*What this task involves*: Lines containing the word "Style" are the ones to copy from the records below.
━━━━━ Task material
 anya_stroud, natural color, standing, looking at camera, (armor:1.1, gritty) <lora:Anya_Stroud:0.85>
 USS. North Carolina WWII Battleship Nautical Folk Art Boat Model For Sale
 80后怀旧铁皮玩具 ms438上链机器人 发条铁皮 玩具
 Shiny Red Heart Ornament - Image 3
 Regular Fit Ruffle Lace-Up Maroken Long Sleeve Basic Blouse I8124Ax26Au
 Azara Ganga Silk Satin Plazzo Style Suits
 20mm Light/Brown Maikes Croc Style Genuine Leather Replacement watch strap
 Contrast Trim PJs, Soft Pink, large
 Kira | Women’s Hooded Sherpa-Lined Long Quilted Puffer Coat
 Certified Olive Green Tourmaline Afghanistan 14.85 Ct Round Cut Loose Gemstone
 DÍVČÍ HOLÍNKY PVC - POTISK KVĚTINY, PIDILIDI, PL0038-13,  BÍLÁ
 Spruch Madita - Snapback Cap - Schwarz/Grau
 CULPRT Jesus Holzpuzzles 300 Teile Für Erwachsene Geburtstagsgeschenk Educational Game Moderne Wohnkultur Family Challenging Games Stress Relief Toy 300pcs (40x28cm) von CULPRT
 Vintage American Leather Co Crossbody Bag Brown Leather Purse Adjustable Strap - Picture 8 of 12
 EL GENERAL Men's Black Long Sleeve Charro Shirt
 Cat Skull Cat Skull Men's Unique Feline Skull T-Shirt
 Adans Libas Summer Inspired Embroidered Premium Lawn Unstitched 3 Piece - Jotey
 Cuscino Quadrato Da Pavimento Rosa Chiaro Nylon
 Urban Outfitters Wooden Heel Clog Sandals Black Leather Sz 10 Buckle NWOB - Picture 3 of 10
━━━━━━━━━━
*Result of this task*:
 Azara Ganga Silk Satin Plazzo Style Suits
 20mm Light/Brown Maikes Croc Style Genuine Leather Replacement watch strap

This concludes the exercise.